■ GOAL OF THE EXERCISE
Write out the listing exactly, dropping any picture it contains.

■ RECORDED INFORMATION
[Start of Attachment]

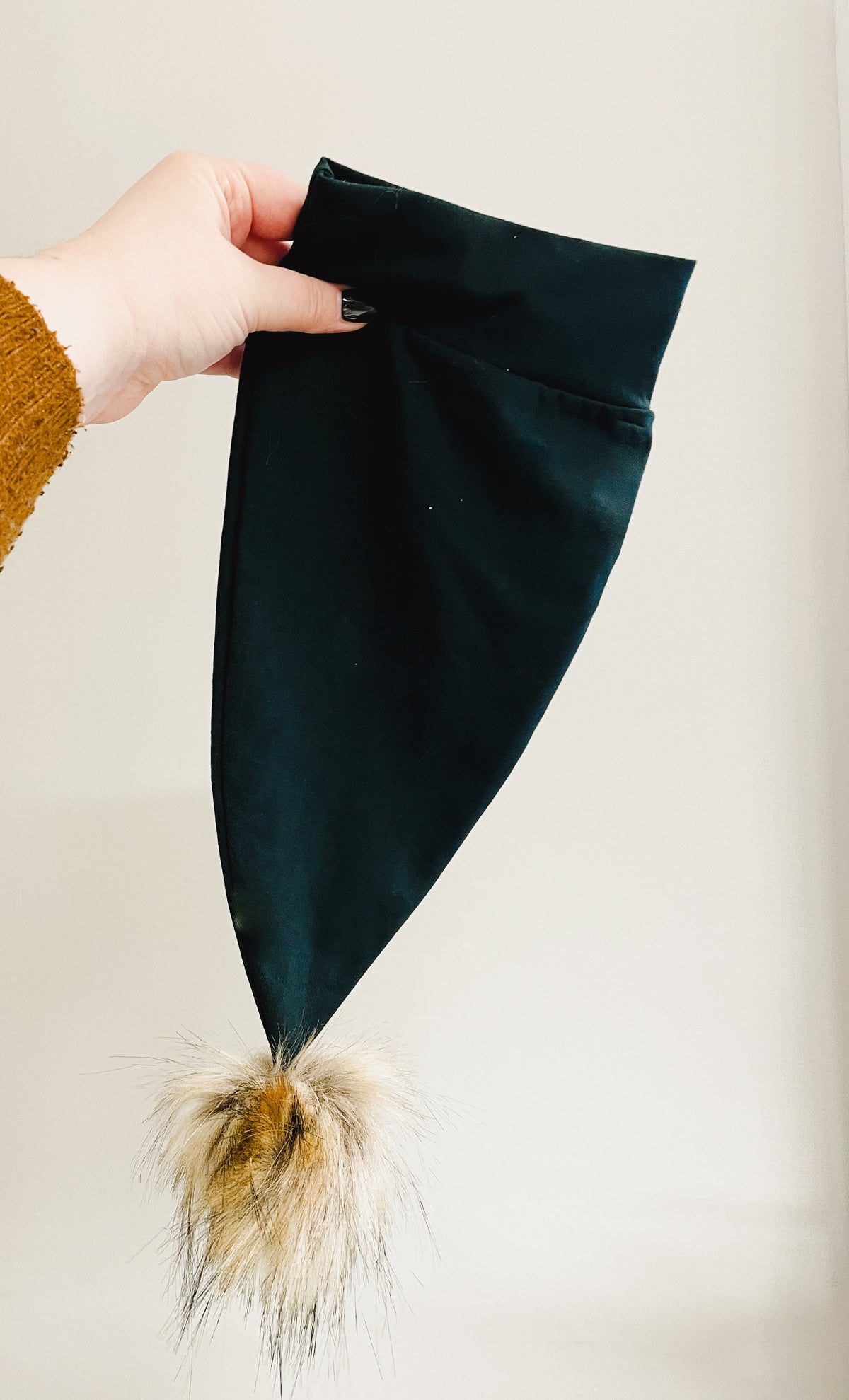 Elf hat with tassel (various sizes and colors)
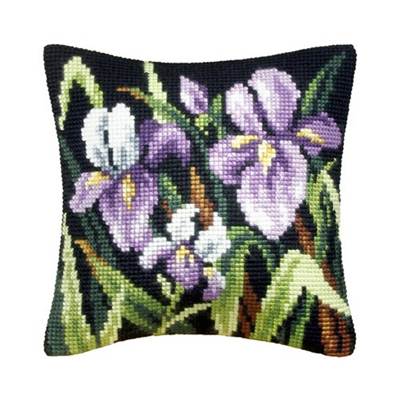 COUSSIN PT DE CROIX EN KIT 40 X 40 CM - TROIS IRIS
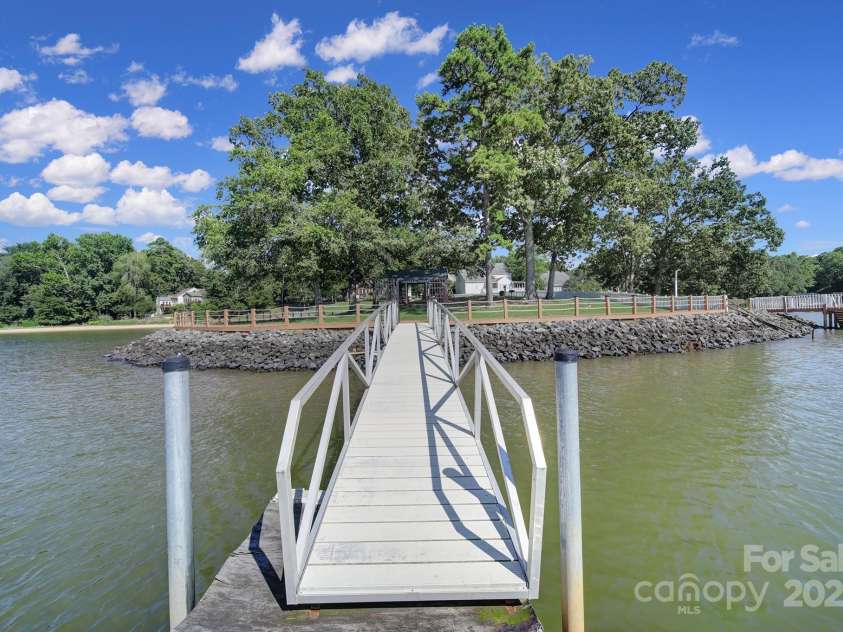 1345 Shimmer Light Circle, Rock Hill, SC 29732.  MLS# CAR4277572, YatesRealty ID 23917. 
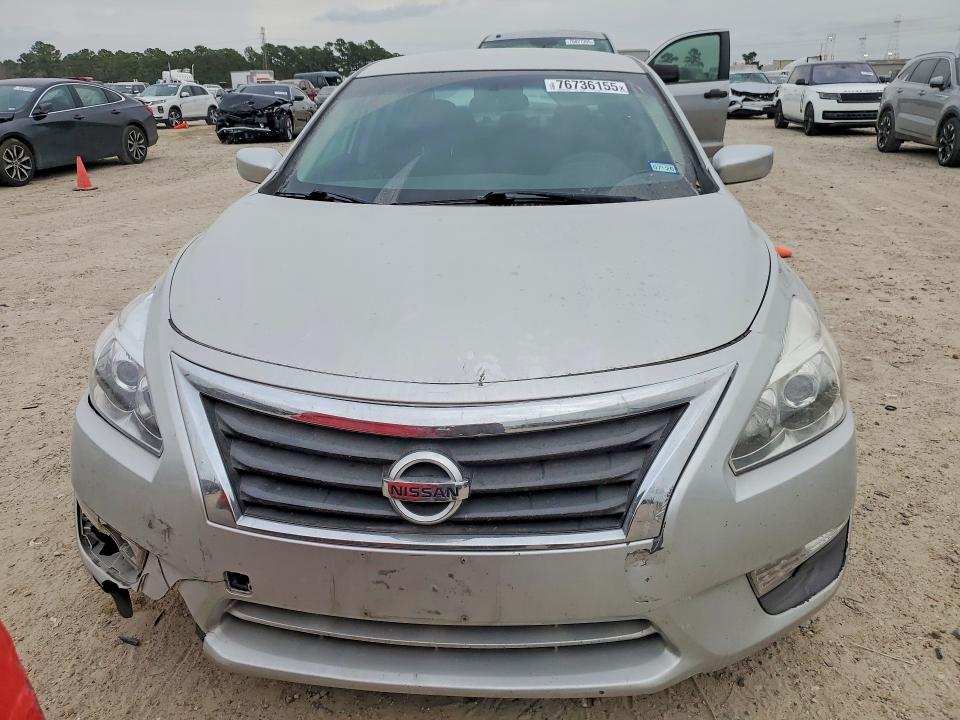 Photo 5 from auction – 2015 NISS ALTIMA with VIN 1N4AL3AP9FC212661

[End of Attachment]

■ EXERCISE RESPONSE
 Elf hat with tassel (various sizes and colors)
 COUSSIN PT DE CROIX EN KIT 40 X 40 CM - TROIS IRIS
 1345 Shimmer Light Circle, Rock Hill, SC 29732.  MLS# CAR4277572, YatesRealty ID 23917. 
 Photo 5 from auction – 2015 NISS ALTIMA with VIN 1N4AL3AP9FC212661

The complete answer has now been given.